Eat, Pray, Love Author Elizabeth Gilbert Is In Love With A Woman
Elizabeth Gilbert, the author of the bestselling memoir Eat, Pray, Love, surprised fans on Sept. 7, 2016, when she revealed on Facebook that she had fallen in love again—this time, with a woman.
The woman is Rayya Elias, a fellow author and Gilbert's best friend of 15 years, according to People magazine. "Rayya and I are together," Gilbert wrote on Facebook. "I love her, and she loves me."

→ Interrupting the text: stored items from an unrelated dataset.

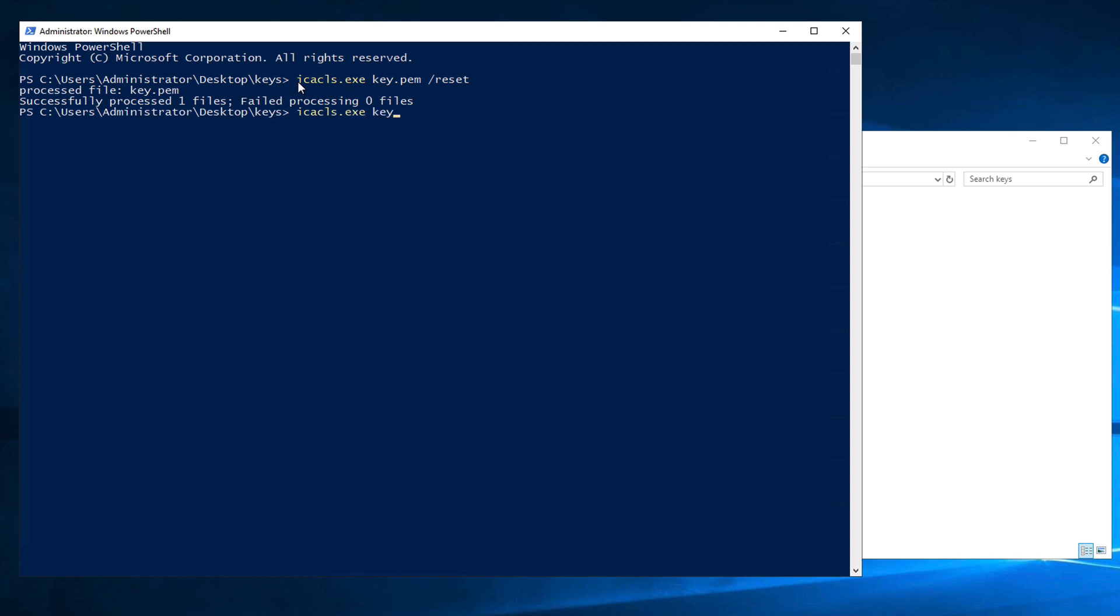And then we type icacls.exe and the file name once again, followed by /grant:R, so that we can replace all of the previously granted explicit permissions.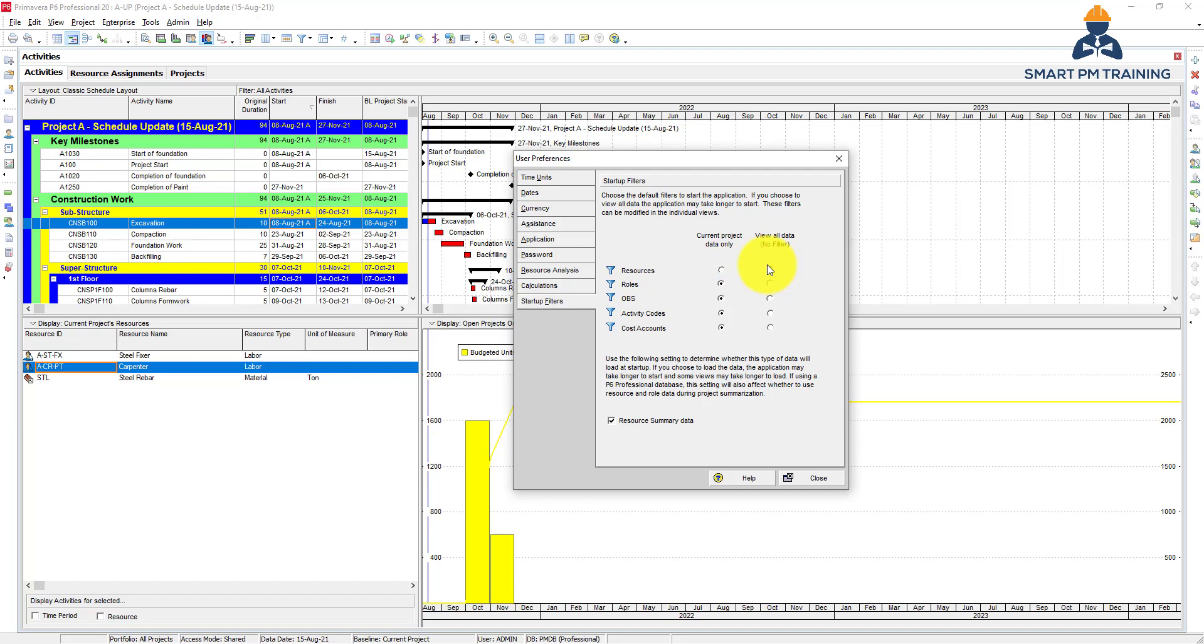So this is everything under user preferences. In the next video we will talk about admin preferences.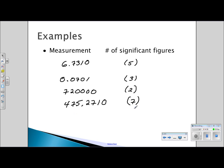We're going to leave it at that. Next, we're going to talk about how to round numbers correctly when we are adding, subtracting, multiplying, or dividing.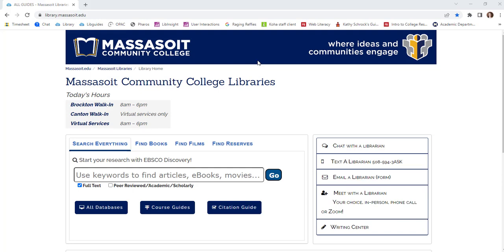This video will guide you through the Massasoit Library's website. Our website can be found at library.massasoit.edu. You can also access the website through the Launchpad link on the My Massasoit portal.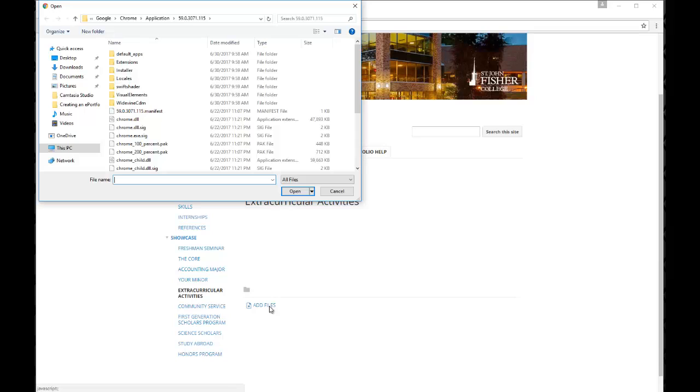This could be Word documents, PowerPoint files, PDFs, images, Excel files, almost any file type you can upload there.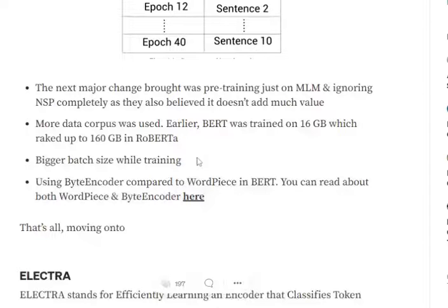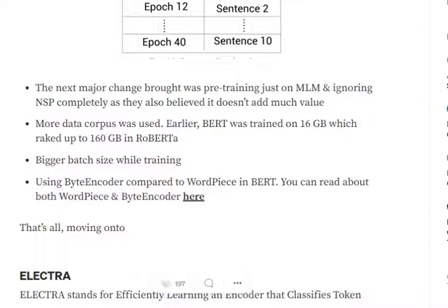Other minor changes include that RoBERTa is not trained on NSP — we are only using MLM with dynamic masking and completely ignoring Next Sentence Prediction. The data corpus used was also bigger, the batch size was bigger, and the tokenizer changed: BERT used WordPiece tokenization, whereas RoBERTa uses a Byte-Pair Encoder. This tokenizer will be explained in upcoming videos.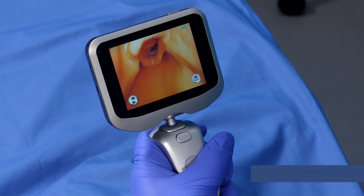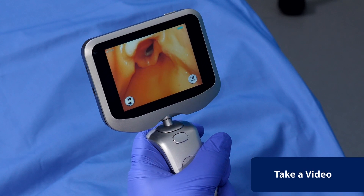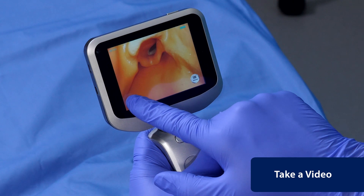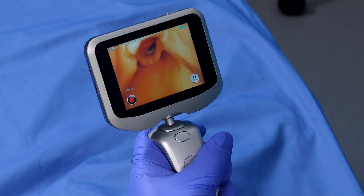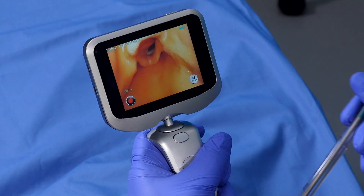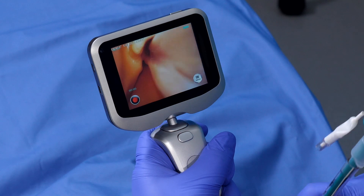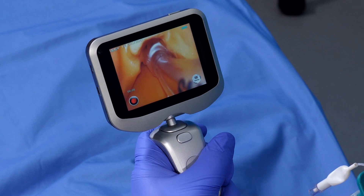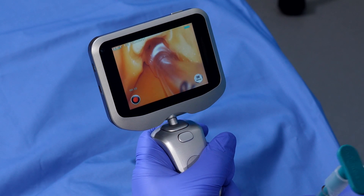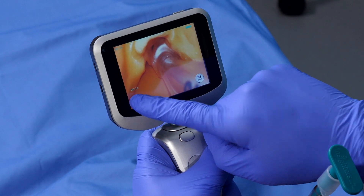To take a video, hold the Photo Video button on the screen for 2-3 seconds. You will hear a confirmatory sound and the recording time will begin. Hold the button to stop recording.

As Gilbert recalls, the romance sparked in the spring of 2016 after Gilbert learned that Elias had been diagnosed with incurable pancreatic and liver cancer. "In the moment I first learned of Rayya's diagnosis, a trap door opened at the bottom of my heart (a trap door I didn't even know was there) and my entire existence fell straight through that door. From that moment forward, everything became about HER," Gilbert wrote. "I cancelled everything in my life that could be cancelled, and I went straight to her side, where I have been ever since."
"Something happened to my heart and mind in the days and weeks following Rayya's diagnosis. Death—or the prospect of death—has a way of clearing away everything that is not real, and in that space of stark and utter realness, I was faced with this truth: I do not merely love Rayya; I am in love with Rayya," Gilbert said. "And I have no more time for denying that truth. The thought of someday sitting in a hospital room with her, holding her hand and watching her slide away, without ever having let her (or myself!) know the extent of my true feelings for her...well, that thought was unthinkable."
Gilbert separated from her husband, José Nunes—the guy who at least partially inspired Eat, Pray, Love— a little more than two months ago. In her Facebook post this week, Gilbert confessed that, yes, her love for Elias led to the end of her marriage. "For those of you who are doing the math here, and who are wondering if this situation is why my marriage came to an end this spring, the simple answer is yes," she wrote. "Please understand that I cannot say anything more about it than that. I trust you are all sensitive enough to understand how difficult this has been. As David Foster Wallace once wrote: 'The truth will set you free—but not until it's had its way with you.' Yes, it has been hard. Yes, the truth has had its way with us. And yes, the truth still stands."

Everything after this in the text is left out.